Neural networks today are often trained across multiple GPUs or even multiple systems, each with multiple GPUs. There are two main categories of techniques for doing this: synchronous and asynchronous. Synchronous techniques rely on keeping the parameters on all instances of the model synchronized, usually by making sure all instances of the model have the same copy of the gradients before taking an optimization step. The Message Passing Interface (MPI) primitive usually used to perform this operation is called All-Reduce. There are many ways to implement All-Reduce based on the number of ranks, the size of the data, and the topology of the network. This benchmark places no constraints on the implementation other than that it should be deterministic. Asynchronous methods are quite varied and in this version of the benchmark we will not be attempting to test these methods.

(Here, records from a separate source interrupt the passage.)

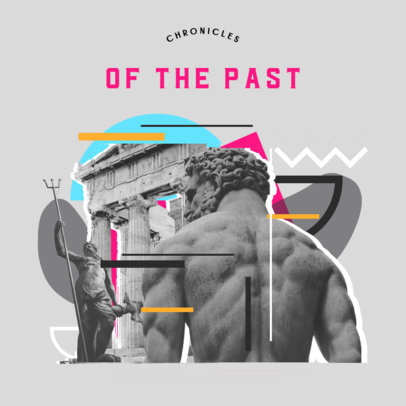 History Podcast Cover Maker Featuring a Contemporary Collage Design 4411E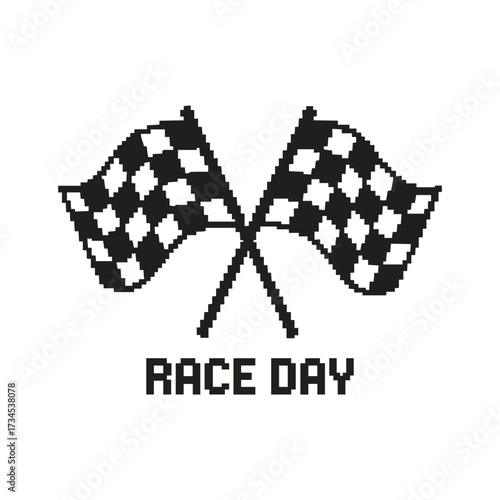 simple black and white vector illustration of two crossed checkered racing flags in pixel art style
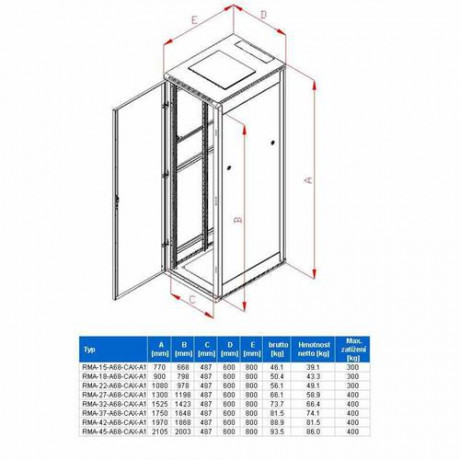 Rack Triton 19'' stojanový 32U/600x800 prosklené dveře, šedý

In order to evaluate All-Reduce, we use the following libraries and benchmarks:
The NCCL library can be build without MPI (for single node) and with MPI (for multinode) as shown in https://github.com/NVIDIA/nccl-tests. We therefore have two versions of NCCL for the single node in the experiments. For multinode experiments, we use only NCCL with MPI, the benchmark from OSU, and Baidu's Allreduce implementation. We report the shortest latency achieved from all implementations for each configuration.

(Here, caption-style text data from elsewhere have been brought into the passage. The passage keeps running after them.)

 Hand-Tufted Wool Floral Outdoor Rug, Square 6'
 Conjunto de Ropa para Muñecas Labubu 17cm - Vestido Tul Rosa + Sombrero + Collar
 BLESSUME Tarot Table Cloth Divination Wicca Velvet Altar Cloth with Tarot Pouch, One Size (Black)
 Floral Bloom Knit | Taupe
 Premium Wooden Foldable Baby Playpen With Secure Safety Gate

Intel(R) Machine Learning Scaling Library (Intel(R) MLSL) is a library providing an efficient implementation of communication patterns used in deep learning. In order to evaluate All-Reduce performance, we use All-Reduce benchmark from OSU.
Each node has two CPU sockets (dual root topology), and each socket has a PCIe root complex. For each socket there are two PLX switches that are each connected to the CPU socket via 16 lanes of PCIe v3. There are two GPUs on each PLX switch. All pairs of GPUs communicate simultaneously over 16 lanes of PCIe v3. The two CPU sockets are connected via Intel QPI. The interconnect across nodes is InfiniBand FDR. The figure below shows a schematic diagram of one our nodes, where all devices connected by the same PCI root complex are encapsulated in a dotted box. In our experiments, P100, TitanX Maxwell and M40 were such systems.

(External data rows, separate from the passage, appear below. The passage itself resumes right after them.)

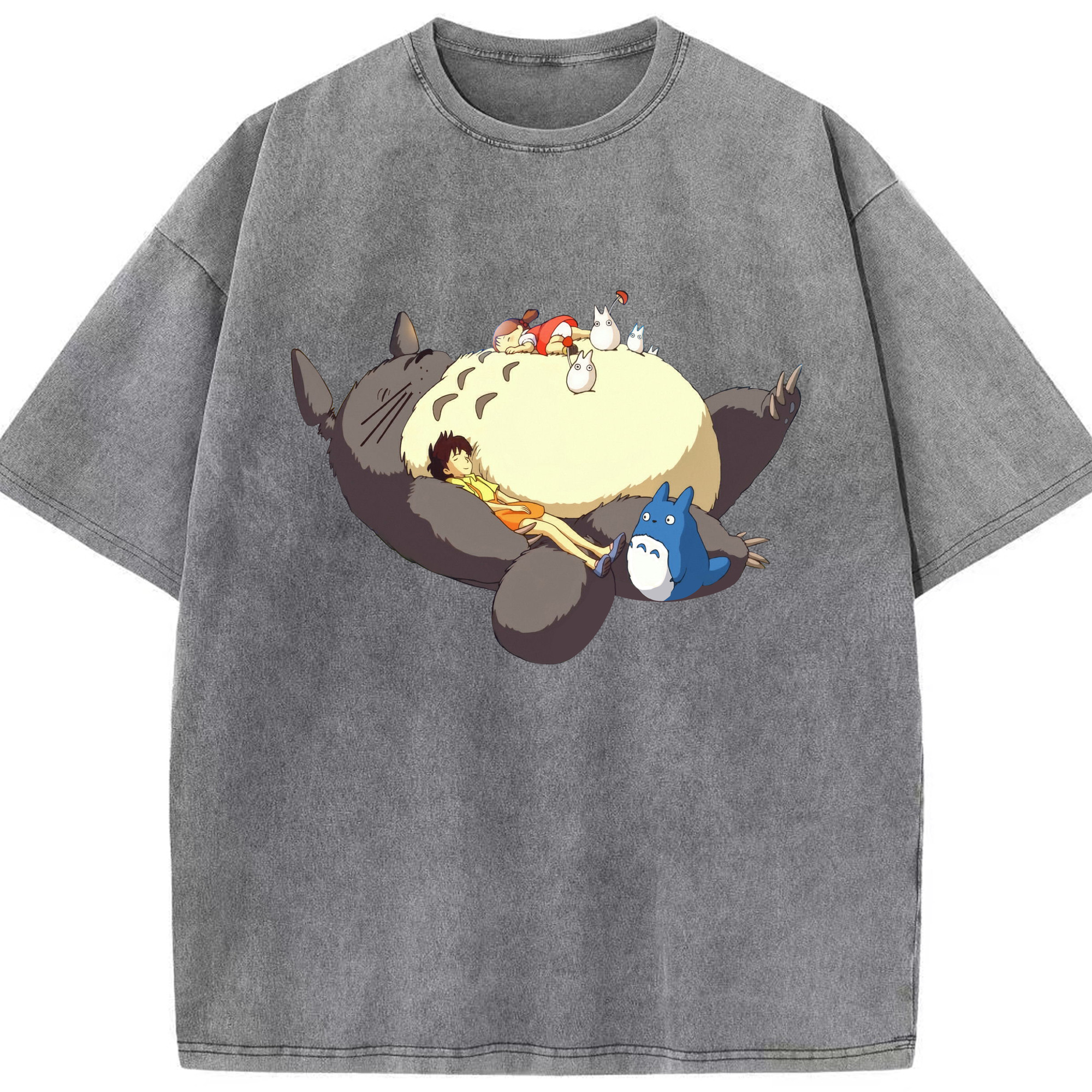 （画像用） となりのトトロ 草壁メイ 草壁サツキ My Neighbor Totoro Satsuki Kusakabe Mei Kusakabe 綿100% ヴィンテージ風 半袖Tシャツ（フロントプリント）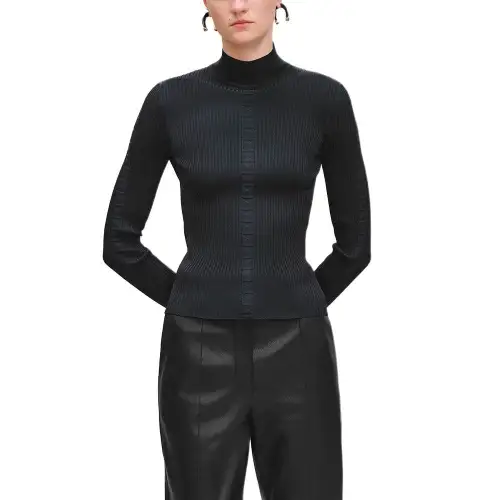 HERMES Knitwear Women's Black Turtleneck Moderate Other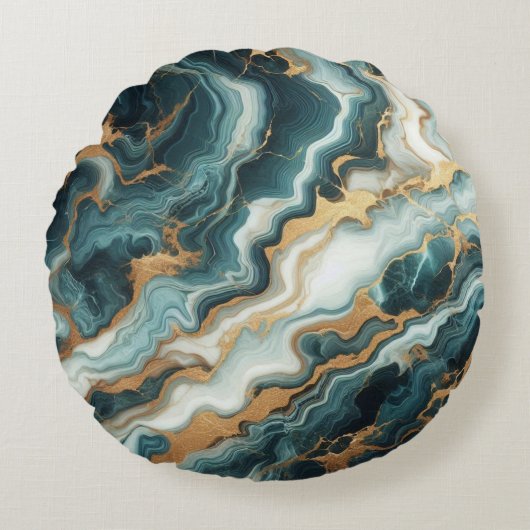 ティール(緑がかった色)グリーンアンド金ゴールド大理石 ラウンドクッション (正面)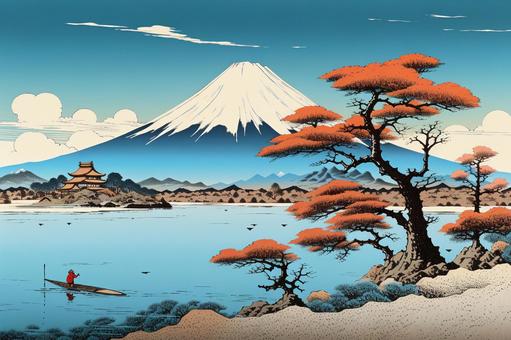 浮世絵 山と湖の風景 ダークブラウンフレーム 浮世絵 山と湖の風景 ダーク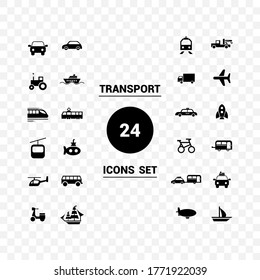 Vector image. Different transport icons. Basic solid icons.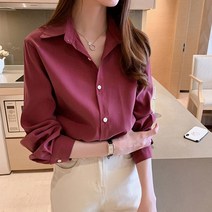 에끌 여자 블라우스 쉬폰 블라우스빅 사이즈 여성복 가을 겨울 루즈핏 쉬폰 화이트 셔츠 여 기모 긴팔의 경우-11814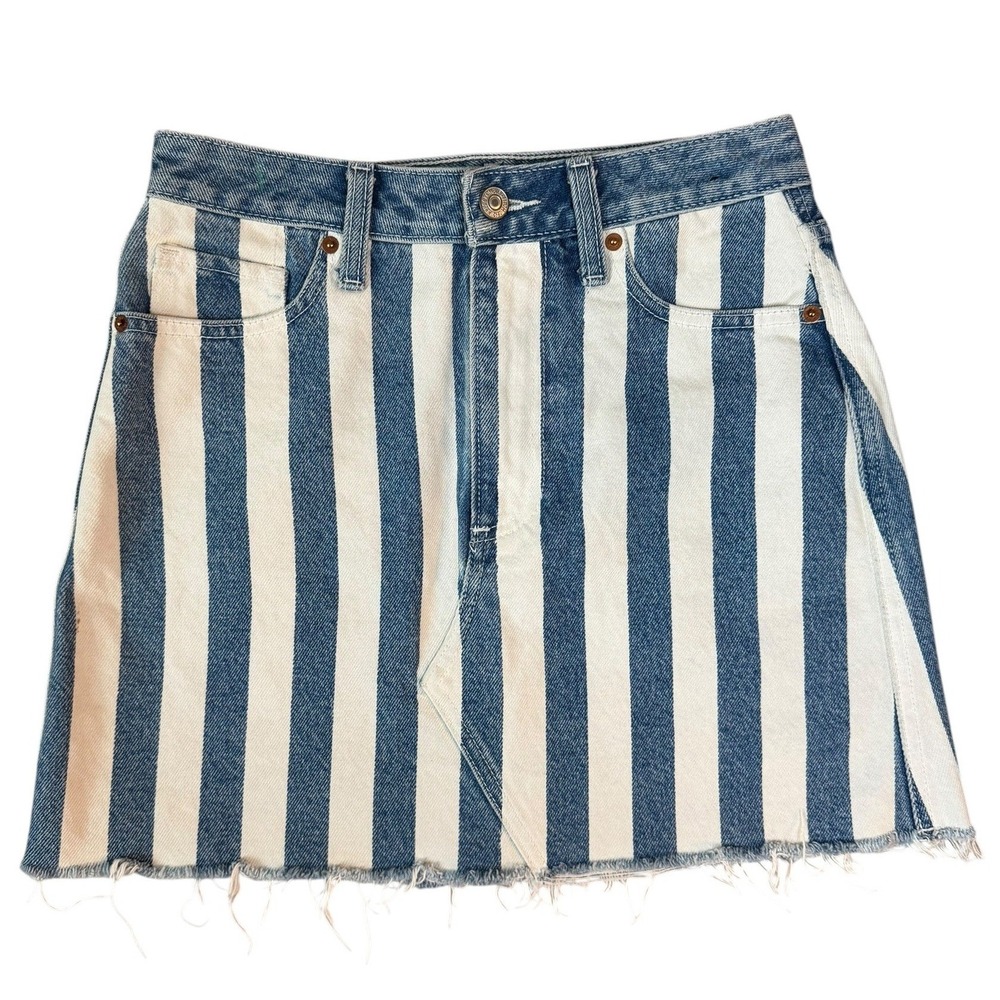 Nautical Stripe Denim Mini Skirt Size 26/2 Hamptons Preppy Coastal Grandmother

Each node has one CPU socket (single root topology) with two PLX switches, each switch are connected to 5 GPUs. The communication among the GPUs in the same PLX switch traverses through the PLX switch only, whereas the communication to any GPU connected to the other PLX switch requires traversal both PLX switches along with the connecting PCIe bridge. In our experiments, TitanX Pascal, and 1080Ti were such systems.
The blocking All-Reduce latency is measured on Intel Xeon Phi processor 7250 on Intel’s internal Endeavor cluster with Intel® Omni-Path Architecture (Intel® OPA) series 100 fabric with fat-tree topology, using Intel MPI 2017 Update 3 and Intel MLSL 2017 Update 2 Preview.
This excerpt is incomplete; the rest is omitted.